En ce qui concerne la prévention, il y a lieu de suivre la logique de la loi relative au bien-être des travailleurs lors de l'exécution de leur travail et des arrêtés royaux de 1998. Il n'y a dès lors pas lieu de désigner un conseiller en prévention spécifiquement compétent en matière de harcèlement moral et l'employeur ne peut certainement pas être obligé à faire appel à un service externe, sauf lorsque l'entreprise compte moins de vingt travailleurs.

Ce serait également contraire au chapitre VI « Services de prévention et de protection » et aux arrêtés royaux relatifs aux services internes et externes pour la prévention et la protection. Il y a un risque que chaque conseiller en prévention s'enferme dans sa spécialisation et qu'il y ait de ce fait, au sein d'une entreprise donnée, plusieurs conseillers en prévention s'adonnant chacun à une mission spécifique, ce qui n'engendrerait que confusion et dispersion. La désignation d'un nouveau conseiller en prévention spécifique est contraire à l'approche multidisciplinaire préconisée par la loi relative au bien-être.
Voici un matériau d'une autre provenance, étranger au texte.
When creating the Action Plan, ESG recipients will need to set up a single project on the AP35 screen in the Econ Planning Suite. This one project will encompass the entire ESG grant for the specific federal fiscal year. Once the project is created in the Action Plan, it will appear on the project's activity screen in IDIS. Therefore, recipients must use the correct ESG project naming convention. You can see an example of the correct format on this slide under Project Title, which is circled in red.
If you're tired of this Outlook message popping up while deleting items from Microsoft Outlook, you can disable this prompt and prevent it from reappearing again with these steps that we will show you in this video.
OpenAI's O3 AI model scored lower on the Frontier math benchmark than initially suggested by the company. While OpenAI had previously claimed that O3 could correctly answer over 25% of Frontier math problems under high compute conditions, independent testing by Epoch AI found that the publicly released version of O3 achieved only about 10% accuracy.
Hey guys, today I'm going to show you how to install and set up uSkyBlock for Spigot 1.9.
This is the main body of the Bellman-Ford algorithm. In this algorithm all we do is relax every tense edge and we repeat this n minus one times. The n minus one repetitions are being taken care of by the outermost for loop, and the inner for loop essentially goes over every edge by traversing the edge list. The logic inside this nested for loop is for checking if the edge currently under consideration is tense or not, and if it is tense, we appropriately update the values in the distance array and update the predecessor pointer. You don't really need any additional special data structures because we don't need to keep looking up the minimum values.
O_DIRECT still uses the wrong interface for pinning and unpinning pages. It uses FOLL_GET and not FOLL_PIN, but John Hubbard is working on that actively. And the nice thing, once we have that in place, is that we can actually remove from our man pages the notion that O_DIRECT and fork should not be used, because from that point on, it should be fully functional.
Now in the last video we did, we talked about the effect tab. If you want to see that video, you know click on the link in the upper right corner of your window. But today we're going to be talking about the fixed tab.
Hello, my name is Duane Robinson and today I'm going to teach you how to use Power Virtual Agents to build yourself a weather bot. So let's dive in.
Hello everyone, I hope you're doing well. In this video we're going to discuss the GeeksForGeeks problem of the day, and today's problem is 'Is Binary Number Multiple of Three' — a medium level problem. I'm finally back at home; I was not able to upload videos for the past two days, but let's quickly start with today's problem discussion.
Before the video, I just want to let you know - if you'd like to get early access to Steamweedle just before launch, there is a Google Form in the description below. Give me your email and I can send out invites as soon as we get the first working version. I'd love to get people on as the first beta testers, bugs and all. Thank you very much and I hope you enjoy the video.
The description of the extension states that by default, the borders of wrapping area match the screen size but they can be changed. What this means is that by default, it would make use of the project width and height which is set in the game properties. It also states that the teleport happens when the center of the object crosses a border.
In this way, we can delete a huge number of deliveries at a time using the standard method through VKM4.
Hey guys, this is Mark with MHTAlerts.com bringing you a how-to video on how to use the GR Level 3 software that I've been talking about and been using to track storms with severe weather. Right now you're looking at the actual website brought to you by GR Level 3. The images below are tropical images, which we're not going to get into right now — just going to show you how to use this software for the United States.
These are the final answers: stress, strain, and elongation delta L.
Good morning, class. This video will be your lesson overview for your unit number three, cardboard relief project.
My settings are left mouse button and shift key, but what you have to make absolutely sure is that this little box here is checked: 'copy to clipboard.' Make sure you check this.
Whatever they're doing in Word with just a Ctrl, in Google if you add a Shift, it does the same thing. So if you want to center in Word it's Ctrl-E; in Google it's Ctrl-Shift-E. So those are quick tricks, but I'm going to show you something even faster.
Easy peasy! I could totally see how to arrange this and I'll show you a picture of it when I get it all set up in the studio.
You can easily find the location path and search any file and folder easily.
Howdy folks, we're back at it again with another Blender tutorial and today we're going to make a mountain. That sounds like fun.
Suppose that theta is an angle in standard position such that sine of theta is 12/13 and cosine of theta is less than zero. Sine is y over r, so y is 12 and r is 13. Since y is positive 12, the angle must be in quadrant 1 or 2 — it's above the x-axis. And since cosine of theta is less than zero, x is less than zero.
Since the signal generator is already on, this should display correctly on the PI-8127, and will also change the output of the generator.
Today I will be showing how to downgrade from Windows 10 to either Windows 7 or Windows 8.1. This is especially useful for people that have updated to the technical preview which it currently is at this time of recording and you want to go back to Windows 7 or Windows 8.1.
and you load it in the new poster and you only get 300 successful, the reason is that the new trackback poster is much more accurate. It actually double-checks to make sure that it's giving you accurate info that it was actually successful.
L'objectif doit rester d'arriver au moins à un conseiller en prévention par employeur. Conformément à l'article 14 de l'arrêté royal relatif aux services internes pour la prévention, l'employeur détermine, compte tenu du plan global de prévention et après avis préalable du comité, les compétences qui doivent être présentes dans son entreprise ou institution et pour quelles compétences il fait appel à un service externe. Ce principe doit aussi être maintenu en ce qui concerne le problème du harcèlement moral.

Le médecin du travail peut être un bon conseiller en prévention, compte tenu du travail de pionnier accompli par de nombreux médecins du travail en matière de harcèlement psychologique.

La mission essentielle des conseillers en prévention consiste à élaborer et à mettre en ouvre une politique de prévention, y compris en matière de harcèlement. Le projet de loi ignore cet élément essentiel et assigne plutôt aux conseillers en prévention un rôle de conciliation et de remédiation. Cette mission devrait en fait être confiée à une personne de confiance ne faisant pas nécessairement partie du service pour la prévention.

Le conseiller en prévention et la personne de confiance ont donc nettement des missions différentes. La personne de confiance aurait pour tâche d'offrir au travailleur qui se plaint de harcèlement moral, l'accueil, l'aide et l'appui requis et de susciter un dialogue entre la victime et l'auteur présumé. Elle est liée par le secret professionnel.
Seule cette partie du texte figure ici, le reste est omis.